25-caliber Benjamin Marauder 25 yard target JSB Exact Kings
Three JSB Exact Kings went into 0.11 inches at 25 yards. That’s the larger hole on the right. A pulled fourth shot that was called opened the group to 0.383 inches, but that doesn’t bother me. This one is a keeper, as well.

Predator Polymags
The only other pellet that showed promise in this test was the Predator Polymag. Four of them went into 0.274 inches at 25 yards. That’s good enough to earn a chance to shoot at 50 yards in my book.

25-caliber Benjamin Marauder 25 yard target Predator Polymag
Four Predator Polymag pellets went into 0.274 inches at 25 yards. That was enough to make the cut.

The other pellets
As I said before, the .25-caliber pellet is not as uniformly accurate as the .177 and .22. Until this test, only the first 3 pellets I shot had shown any promise. Now, we have a fourth. To show you what some other pellets look like in comparison, here are 3 more that didn’t make the cut.

RWS Superdome
The results of 4 RWS Superdome pellets tell the story of the .25 caliber very well. Four went into a group that measured 1.378 inches between centers. You can clearly see there’s no need to shoot 10 pellets, when just 4 make a showing like this.

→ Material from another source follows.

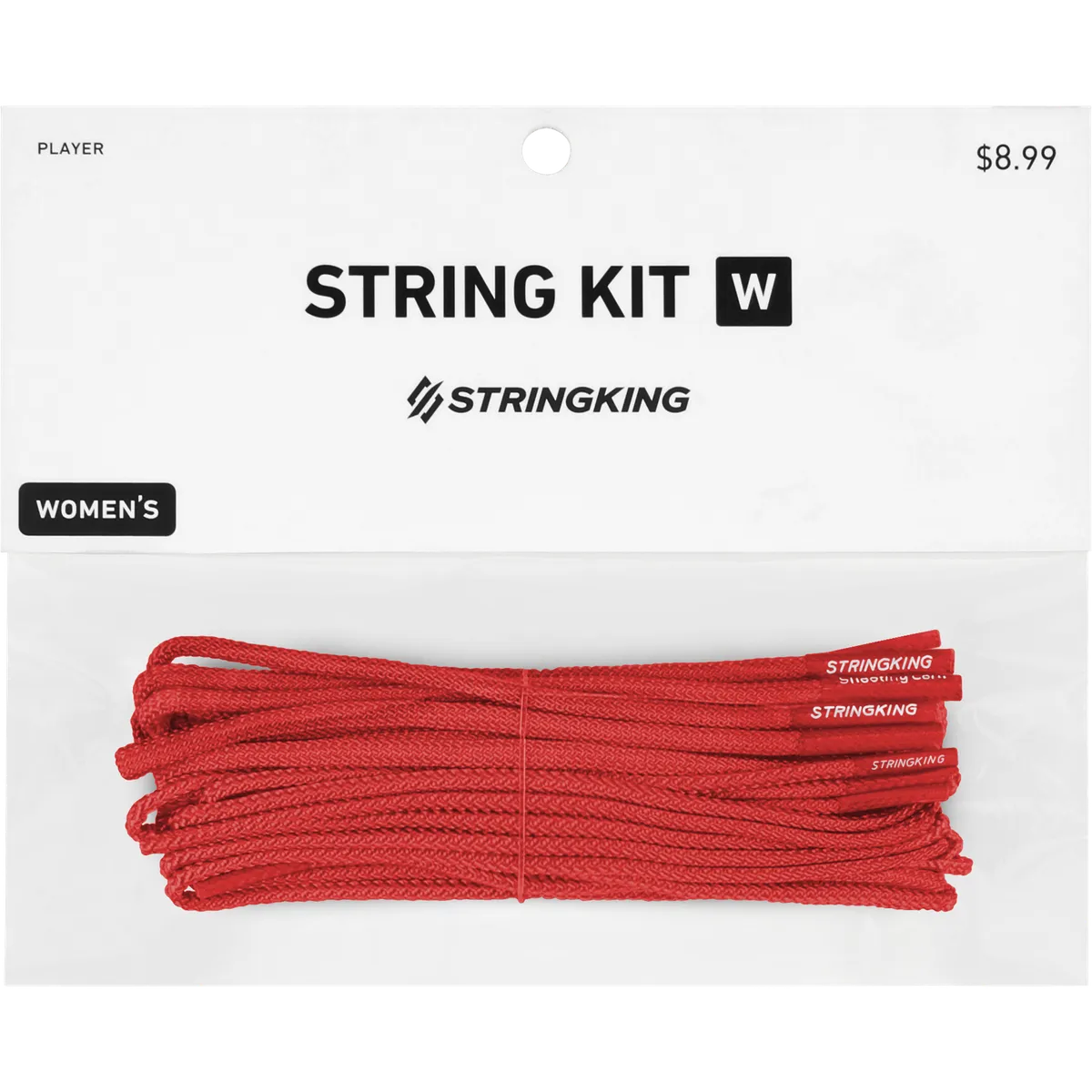 StringKing Women's String Kit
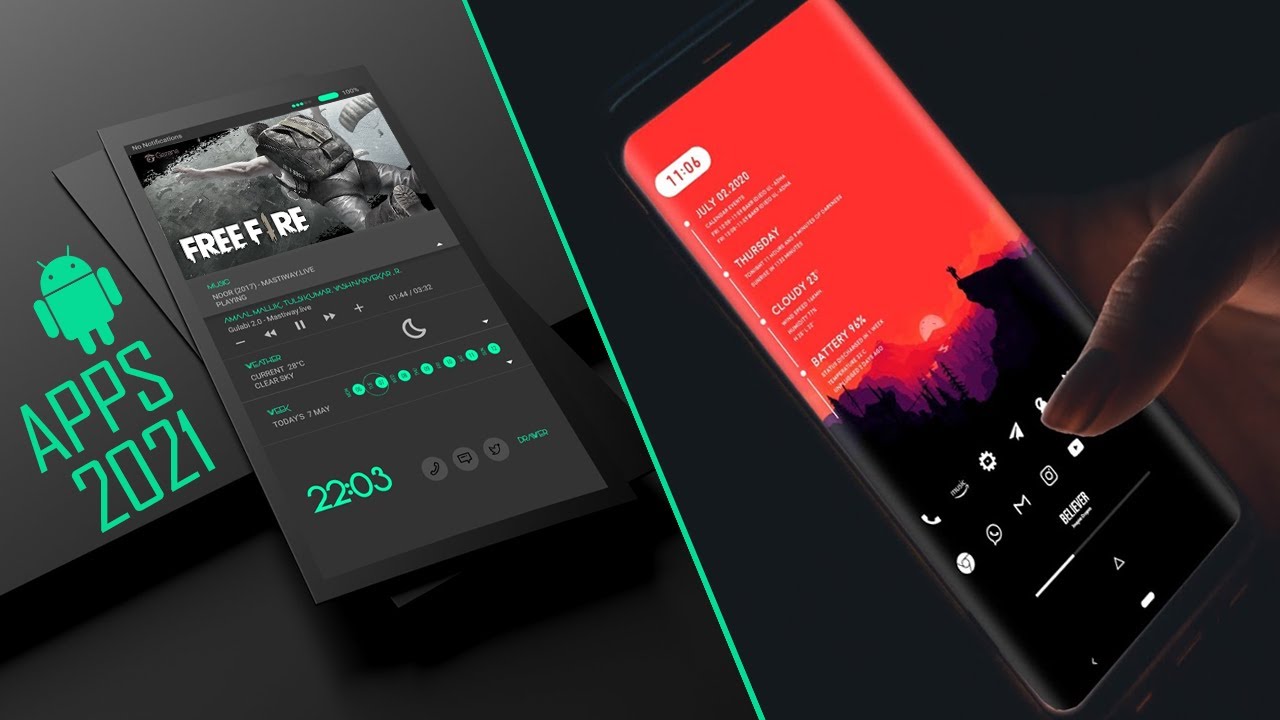 title:7 Best Android Apps for Fun, Productivity & Privacy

25-caliber Benjamin Marauder 25 yard target RWS Superdome
Four RWS Superdomes made this 1.378-inch group at 25 yards. It was the largest group of the test.

Diana Magnum
Next, I tried the pellet that was the best .25-caliber pellet for many years in the 1990s. Until the H&N Baracuda came out in .25 caliber, the 20-grain Diana Magnum was the pellet people chose for accuracy. Certain individual guns may have done better with other pellets, but the Diana Magnum was considered the best all-around .25-caliber pellet of its day.

Not surprisingly, Diana Magnums turned in the smallest group of the three pellets that were not selected to go on to longer-range testing. Four went into 0.588 inches at 25 yards.

25-caliber Benjamin Marauder 25 yard target Diana Magnum
Four Diana Magnums made this 0.588-inch group at 25 yards. Fifteen years ago, this was the best pellet we had in .25 caliber.

Beeman Ram Jet
Another pellet that has left the stage is the .25-caliber Beeman Ram Jet. It was supposed to be a domed pellet that also performed like a wadcutter, but accuracy was never this pellet’s strong suit. Four of them made a 0.769-inch group at 25 yards.

25-caliber Benjamin Marauder 25 yard target Beeman Ram Jet
Four Beeman Ram Jets made a 0.769-inch group at 25 yards. This pellet was also never in the running.

Summary
I hope from these results that it’s clear why I went with 4-shot groups instead of 10-shot groups. I never planned on testing the .25-caliber Marauder at 25 yards, except to prepare for the 50-yard test, which will be next. I think you can see the clear differences between the pellets that were selected and those that missed the cut. More than any other caliber, the big .25 is an all-or-nothing caliber. And there aren’t that many pellets to choose from.

Trigger
One more thing I want to report today is how the trigger now performs. I adjusted it before this test and got it exactly where I want it. I won’t say that it’s better than the trigger on my .177 Marauder, but it’s just as good. The Marauder trigger is something Crosman can be proud of, for it surpasses most PCP adjustable triggers I’ve tested. This one now has a positive stop at stage 2, followed by a very light, crisp break. It allowed me to hold very precisely and know when I pulled my shots, which only happened once during this session. This trigger will certainly do!

Next, I plan to shoot the rifle at 50 yards with these 4 pellets. That should give us a good idea of the long-range capability of the rifle. If the results suggest it’s capable, I may attempt a 100-yard test, as well. I need for the shooting conditions to be perfect to do it; but if they are, we may see the real potential of the big Marauder.